### [Prompt]
Excluding pictures, what does the listing below contain from the line with "Botas beige con hebillas - miniatura 1" up to and including the line with "13.09.2026 - 21.", word for word?

### [Data listing]
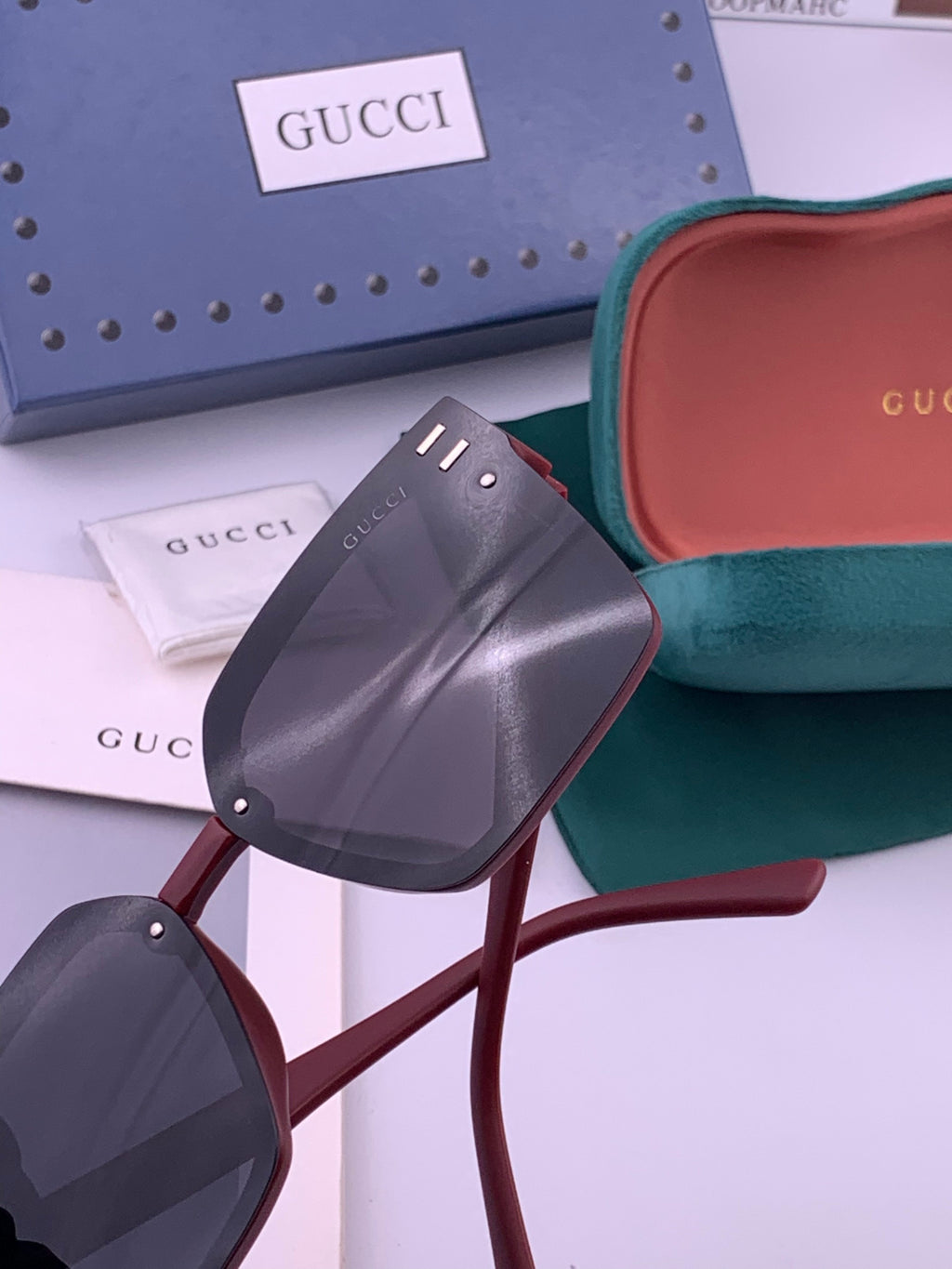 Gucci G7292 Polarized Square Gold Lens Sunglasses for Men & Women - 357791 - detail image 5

* * *

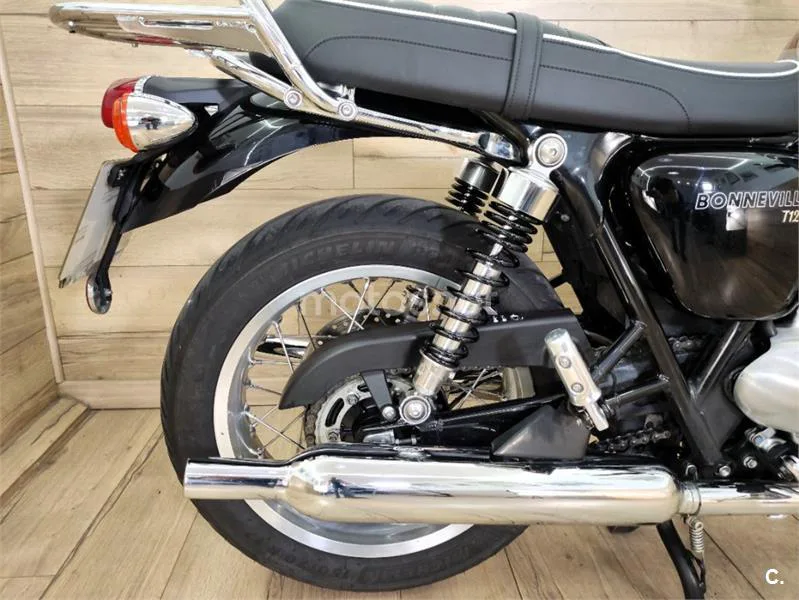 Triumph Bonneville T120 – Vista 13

==

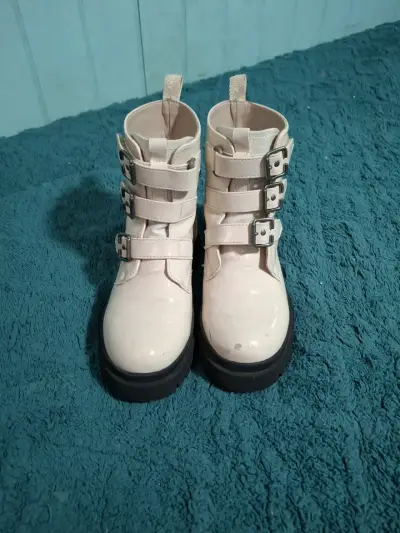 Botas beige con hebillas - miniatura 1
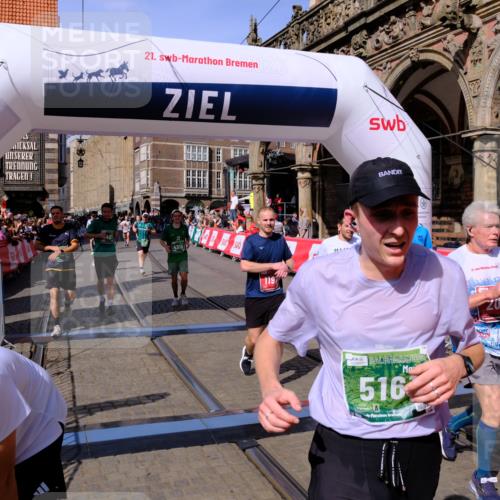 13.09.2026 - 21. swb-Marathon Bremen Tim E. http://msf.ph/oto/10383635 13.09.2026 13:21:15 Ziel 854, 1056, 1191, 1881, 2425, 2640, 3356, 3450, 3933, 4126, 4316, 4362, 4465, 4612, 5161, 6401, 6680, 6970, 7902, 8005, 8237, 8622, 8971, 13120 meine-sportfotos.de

### [Response area]
 Botas beige con hebillas - miniatura 1
 13.09.2026 - 21. swb-Marathon Bremen Tim E. http://msf.ph/oto/10383635 13.09.2026 13:21:15 Ziel 854, 1056, 1191, 1881, 2425, 2640, 3356, 3450, 3933, 4126, 4316, 4362, 4465, 4612, 5161, 6401, 6680, 6970, 7902, 8005, 8237, 8622, 8971, 13120 meine-sportfotos.de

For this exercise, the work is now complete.